Dr Kerry Rodgers has a South Canterbury epiphany
Christchurch’s Anglican Cathedral and Catholic Basilica were not the only Canterbury churches to suffer damage from the current earthquake swarm. The ecclesiastical damage extends throughout the province.
In South Canterbury a host of small churches populate the valleys below the Alps. Each responded to the quakes in different ways.
The oldest, St Anne’s in Pleasant Valley, rode through the entire episode unscathed. Woodbury’s St Thomas suffered minor damage, while Mt Peel’s Church of the Holy Innocents was shattered.
St Anne’s — originally St Ann’s — is the oldest church in continuous use in South Canterbury. It is tiny. It is wooden.
It was built in 1863 to serve the needs of the small but thriving community centred around felling native forest. Volunteer labour threw up adzed rafters to arch over kahikatea stud walls filled with a cob of clay and chopped tussock. Black matai was used for the floor planks. It was originally roofed with totara shingles.
The building’s completion was celebrated with a dance. The following morning the hand-adzed totara pews were placed inside.
Ten years after completion it was noted that the altar end was slowly subsiding. A proposal to relocate the building to Geraldine to serve as a Lady Chapel at St Mary’s met passionate resistance. Instead, large river boulders were placed beneath the building. They are still there today.
When the timber in Pleasant Valley was exhausted, the community scattered. Gradually the church fell into disrepair and, finally, local families stepped in to save and restore it.
The last and most comprehensive restoration was undertaken in 2005. At that time the cracked cob and clay plaster of the walls was replaced with a mix of straw and clay, and finished with a lime wash.
As a result, the building is in great shape today.
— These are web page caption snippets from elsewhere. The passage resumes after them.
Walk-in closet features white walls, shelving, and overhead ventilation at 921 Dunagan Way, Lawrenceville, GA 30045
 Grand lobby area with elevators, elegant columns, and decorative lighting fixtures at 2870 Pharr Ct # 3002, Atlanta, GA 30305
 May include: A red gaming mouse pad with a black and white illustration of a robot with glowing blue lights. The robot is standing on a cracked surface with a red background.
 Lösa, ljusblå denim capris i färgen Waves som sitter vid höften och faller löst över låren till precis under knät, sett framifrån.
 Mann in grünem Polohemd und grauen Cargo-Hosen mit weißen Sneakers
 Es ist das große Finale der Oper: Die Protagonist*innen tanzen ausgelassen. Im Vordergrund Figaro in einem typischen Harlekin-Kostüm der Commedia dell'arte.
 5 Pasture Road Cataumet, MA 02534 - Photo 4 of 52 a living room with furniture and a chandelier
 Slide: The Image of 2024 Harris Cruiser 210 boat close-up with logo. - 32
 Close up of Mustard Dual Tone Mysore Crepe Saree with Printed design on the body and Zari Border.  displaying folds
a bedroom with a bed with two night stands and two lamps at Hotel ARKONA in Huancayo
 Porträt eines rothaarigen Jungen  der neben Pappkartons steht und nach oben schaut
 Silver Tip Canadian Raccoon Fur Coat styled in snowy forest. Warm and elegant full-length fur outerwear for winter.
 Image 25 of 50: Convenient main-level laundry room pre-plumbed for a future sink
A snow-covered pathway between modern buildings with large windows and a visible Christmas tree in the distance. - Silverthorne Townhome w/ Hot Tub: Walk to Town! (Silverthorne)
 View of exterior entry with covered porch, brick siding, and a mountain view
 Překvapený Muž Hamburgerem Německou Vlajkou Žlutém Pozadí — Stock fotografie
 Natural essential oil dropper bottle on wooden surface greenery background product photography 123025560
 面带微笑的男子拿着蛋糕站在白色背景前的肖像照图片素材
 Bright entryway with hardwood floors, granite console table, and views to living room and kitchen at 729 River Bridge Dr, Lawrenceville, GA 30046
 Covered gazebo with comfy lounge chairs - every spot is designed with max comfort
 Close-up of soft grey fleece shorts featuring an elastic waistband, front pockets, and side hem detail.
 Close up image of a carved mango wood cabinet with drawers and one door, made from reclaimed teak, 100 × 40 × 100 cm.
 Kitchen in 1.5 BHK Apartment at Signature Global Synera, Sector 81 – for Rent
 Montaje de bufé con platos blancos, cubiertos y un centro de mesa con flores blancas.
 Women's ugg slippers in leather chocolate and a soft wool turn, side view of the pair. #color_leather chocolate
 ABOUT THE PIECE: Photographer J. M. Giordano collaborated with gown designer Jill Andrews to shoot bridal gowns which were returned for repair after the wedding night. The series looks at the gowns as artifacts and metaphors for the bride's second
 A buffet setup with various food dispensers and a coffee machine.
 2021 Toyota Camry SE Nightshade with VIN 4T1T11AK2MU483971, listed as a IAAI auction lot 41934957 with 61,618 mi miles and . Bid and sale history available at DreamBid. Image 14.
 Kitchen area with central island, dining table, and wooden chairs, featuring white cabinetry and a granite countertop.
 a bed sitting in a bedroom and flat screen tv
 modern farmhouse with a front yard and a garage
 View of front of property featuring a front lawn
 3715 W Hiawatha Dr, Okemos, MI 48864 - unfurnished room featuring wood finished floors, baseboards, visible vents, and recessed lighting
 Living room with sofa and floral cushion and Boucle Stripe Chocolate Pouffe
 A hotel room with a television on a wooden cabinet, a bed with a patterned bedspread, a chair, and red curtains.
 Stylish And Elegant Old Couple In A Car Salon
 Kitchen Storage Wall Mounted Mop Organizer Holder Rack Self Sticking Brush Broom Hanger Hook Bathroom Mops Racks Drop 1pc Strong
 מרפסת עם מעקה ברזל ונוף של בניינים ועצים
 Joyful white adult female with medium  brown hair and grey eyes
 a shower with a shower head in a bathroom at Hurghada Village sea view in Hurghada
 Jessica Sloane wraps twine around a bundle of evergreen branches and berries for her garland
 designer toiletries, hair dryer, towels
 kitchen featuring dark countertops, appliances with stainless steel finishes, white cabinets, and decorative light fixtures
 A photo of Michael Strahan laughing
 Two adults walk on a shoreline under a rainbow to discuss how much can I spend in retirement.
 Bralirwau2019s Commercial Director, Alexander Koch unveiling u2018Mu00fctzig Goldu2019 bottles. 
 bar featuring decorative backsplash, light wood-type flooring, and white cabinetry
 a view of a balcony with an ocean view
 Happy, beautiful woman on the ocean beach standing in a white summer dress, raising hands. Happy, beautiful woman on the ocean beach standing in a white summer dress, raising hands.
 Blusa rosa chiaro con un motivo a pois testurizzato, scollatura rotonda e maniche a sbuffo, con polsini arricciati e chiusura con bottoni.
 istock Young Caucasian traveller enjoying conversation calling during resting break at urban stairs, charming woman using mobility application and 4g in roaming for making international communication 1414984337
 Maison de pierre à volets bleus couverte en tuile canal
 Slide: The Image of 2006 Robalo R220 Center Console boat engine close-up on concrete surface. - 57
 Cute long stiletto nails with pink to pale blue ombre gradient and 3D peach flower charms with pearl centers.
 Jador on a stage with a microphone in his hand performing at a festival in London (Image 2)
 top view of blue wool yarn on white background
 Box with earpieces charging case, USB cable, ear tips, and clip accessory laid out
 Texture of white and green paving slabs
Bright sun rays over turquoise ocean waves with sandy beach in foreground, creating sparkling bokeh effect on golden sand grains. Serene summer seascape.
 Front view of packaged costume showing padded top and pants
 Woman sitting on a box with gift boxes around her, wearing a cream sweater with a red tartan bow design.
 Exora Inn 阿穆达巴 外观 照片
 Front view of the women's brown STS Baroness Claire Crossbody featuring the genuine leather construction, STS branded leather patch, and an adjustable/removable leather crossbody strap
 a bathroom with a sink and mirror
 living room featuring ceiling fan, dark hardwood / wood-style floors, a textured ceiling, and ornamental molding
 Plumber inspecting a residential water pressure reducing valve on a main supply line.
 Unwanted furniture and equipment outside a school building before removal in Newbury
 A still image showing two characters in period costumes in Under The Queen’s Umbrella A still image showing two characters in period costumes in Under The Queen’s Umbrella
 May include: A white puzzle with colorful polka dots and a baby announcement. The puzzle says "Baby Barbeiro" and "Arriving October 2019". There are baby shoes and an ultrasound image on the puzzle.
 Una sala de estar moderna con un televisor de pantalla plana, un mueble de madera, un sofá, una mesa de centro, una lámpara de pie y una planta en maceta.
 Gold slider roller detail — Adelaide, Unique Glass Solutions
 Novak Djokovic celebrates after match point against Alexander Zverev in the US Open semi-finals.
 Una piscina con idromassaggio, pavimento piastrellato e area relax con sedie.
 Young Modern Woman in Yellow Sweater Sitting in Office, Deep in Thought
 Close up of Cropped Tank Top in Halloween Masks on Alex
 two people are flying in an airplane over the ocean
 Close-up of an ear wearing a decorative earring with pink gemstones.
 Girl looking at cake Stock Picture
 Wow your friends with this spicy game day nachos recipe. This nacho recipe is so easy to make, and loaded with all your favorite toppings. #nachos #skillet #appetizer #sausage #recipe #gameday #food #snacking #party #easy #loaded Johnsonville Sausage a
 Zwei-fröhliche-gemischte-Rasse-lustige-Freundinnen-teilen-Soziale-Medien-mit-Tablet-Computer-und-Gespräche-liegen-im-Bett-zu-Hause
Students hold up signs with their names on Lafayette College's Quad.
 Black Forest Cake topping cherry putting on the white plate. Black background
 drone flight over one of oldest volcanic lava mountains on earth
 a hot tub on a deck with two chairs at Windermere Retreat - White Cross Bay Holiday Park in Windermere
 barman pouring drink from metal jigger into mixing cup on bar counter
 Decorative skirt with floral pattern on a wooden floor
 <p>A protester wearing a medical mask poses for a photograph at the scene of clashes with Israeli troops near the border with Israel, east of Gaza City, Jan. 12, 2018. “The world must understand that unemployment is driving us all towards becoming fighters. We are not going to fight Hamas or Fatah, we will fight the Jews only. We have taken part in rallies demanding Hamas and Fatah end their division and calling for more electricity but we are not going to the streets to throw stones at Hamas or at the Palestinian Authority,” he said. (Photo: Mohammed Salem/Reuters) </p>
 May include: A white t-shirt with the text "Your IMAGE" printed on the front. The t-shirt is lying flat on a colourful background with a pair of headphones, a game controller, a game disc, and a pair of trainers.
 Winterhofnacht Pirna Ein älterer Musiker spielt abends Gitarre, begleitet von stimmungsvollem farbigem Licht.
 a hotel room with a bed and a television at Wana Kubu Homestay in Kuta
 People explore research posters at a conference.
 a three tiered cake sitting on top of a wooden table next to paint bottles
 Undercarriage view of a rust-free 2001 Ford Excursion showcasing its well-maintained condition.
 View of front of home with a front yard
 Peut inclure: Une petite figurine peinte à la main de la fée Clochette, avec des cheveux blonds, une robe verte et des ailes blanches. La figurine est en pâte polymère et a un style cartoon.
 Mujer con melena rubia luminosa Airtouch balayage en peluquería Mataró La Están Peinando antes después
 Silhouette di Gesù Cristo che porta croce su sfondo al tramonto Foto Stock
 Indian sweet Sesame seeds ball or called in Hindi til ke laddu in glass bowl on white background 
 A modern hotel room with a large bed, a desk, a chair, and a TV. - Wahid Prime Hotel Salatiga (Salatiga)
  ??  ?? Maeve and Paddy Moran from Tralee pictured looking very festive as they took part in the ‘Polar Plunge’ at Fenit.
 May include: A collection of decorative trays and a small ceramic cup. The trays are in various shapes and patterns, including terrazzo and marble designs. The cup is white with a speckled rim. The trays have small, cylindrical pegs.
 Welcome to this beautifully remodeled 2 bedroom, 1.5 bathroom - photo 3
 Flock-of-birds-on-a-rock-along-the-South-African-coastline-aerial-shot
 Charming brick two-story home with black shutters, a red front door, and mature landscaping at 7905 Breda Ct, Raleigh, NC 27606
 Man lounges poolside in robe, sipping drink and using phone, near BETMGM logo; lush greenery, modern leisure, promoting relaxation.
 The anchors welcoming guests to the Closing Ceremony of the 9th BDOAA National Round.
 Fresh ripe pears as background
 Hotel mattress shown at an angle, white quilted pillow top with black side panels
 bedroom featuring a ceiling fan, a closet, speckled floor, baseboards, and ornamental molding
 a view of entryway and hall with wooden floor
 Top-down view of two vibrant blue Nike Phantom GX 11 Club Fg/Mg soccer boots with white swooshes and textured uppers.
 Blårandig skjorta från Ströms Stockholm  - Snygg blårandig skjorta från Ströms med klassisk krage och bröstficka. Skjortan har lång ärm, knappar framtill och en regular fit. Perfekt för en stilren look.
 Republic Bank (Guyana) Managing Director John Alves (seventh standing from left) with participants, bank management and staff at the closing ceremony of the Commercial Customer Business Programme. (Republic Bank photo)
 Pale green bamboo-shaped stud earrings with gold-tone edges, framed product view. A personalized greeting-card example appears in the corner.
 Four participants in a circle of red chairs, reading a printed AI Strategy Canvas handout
The structure sashayed through all the earthquakes with nary a crack nor a board displaced.
As at Pleasant Valley, a small settlement grew up at Woodbury also based around sawmills active in felling the Waihi Bush. When a church became needed, a similar wooden church to that at Pleasant Valley was erected.
This time totara boards were used to sheath the walls but, again, a clay cob was used to fill the walls although, on this occasion, they were lined with timber inside. The building was completed in 1879 and dedicated to St Thomas.
Unlike Pleasant Valley, the settlement of Woodbury not only survived but grew. The need came for a new, larger church. World War I intervened but in 1925 a Chancel, Sanctuary and Tower of a new building were completed using stones garnered from local paddocks, supplemented by concrete. The builders were two locals — Oswald Scott and Bert Cooling.
However, it wasn’t until 1937 that a new Nave was eventually added, built as a memorial to Howard and Eleanor Tripp by their children.
Two features make this church stand out in South Canterbury. One is its magnificent stained glass windows. Three are the work of English artists, Veronica Whall and Joseph Nuttgens, disciples of England’s Art and Craft Movement.
The second feature is the elaborate carving of Frederick Gurnsey within the church. His work had also decorated Christchurch’s Anglican Cathedral.
Despite its rigid structure, St Thomas’ suffered little damage in the quakes. Its stained glass windows survived intact. The main recommendation of a post-quake engineer’s report was to reinforce the Chancel, which has now been completed.
With the main Anglican church in Geraldine, St Mary’s, closed due to quake damage, St Thomas’ currently serves the needs of those parishioners who worshipped there.
The situation of the Church of the Holy Innocents at Mt Peel will be looked at in a later issue.